(Short web captions)
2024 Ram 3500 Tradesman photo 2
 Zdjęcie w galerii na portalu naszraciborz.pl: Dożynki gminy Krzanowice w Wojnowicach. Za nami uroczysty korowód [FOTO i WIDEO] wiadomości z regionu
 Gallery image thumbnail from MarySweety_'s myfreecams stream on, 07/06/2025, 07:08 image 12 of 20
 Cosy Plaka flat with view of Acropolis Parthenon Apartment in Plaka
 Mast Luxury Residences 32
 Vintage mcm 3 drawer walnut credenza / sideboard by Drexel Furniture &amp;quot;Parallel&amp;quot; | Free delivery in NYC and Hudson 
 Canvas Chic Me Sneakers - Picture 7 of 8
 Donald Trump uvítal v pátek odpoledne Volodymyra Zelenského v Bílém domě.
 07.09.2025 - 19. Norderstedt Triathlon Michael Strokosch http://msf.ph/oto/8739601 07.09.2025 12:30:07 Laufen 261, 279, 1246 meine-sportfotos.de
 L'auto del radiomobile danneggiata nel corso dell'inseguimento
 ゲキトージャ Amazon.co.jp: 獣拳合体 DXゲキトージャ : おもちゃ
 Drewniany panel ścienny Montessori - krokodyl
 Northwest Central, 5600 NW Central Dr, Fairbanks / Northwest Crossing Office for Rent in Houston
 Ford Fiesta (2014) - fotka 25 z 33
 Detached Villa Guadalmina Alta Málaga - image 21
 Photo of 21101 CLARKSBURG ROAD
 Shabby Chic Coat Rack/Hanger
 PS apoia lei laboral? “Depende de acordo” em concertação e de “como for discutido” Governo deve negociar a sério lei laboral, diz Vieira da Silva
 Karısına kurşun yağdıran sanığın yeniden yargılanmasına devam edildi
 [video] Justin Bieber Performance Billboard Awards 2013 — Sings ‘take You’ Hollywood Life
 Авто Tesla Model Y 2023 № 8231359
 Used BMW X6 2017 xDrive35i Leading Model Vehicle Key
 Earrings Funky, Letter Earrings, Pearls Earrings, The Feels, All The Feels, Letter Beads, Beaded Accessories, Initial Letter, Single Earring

*What you have to do*.
Please report every line of the records above that contains the word "image".

*Solution*.
 Gallery image thumbnail from MarySweety_'s myfreecams stream on, 07/06/2025, 07:08 image 12 of 20
 Detached Villa Guadalmina Alta Málaga - image 21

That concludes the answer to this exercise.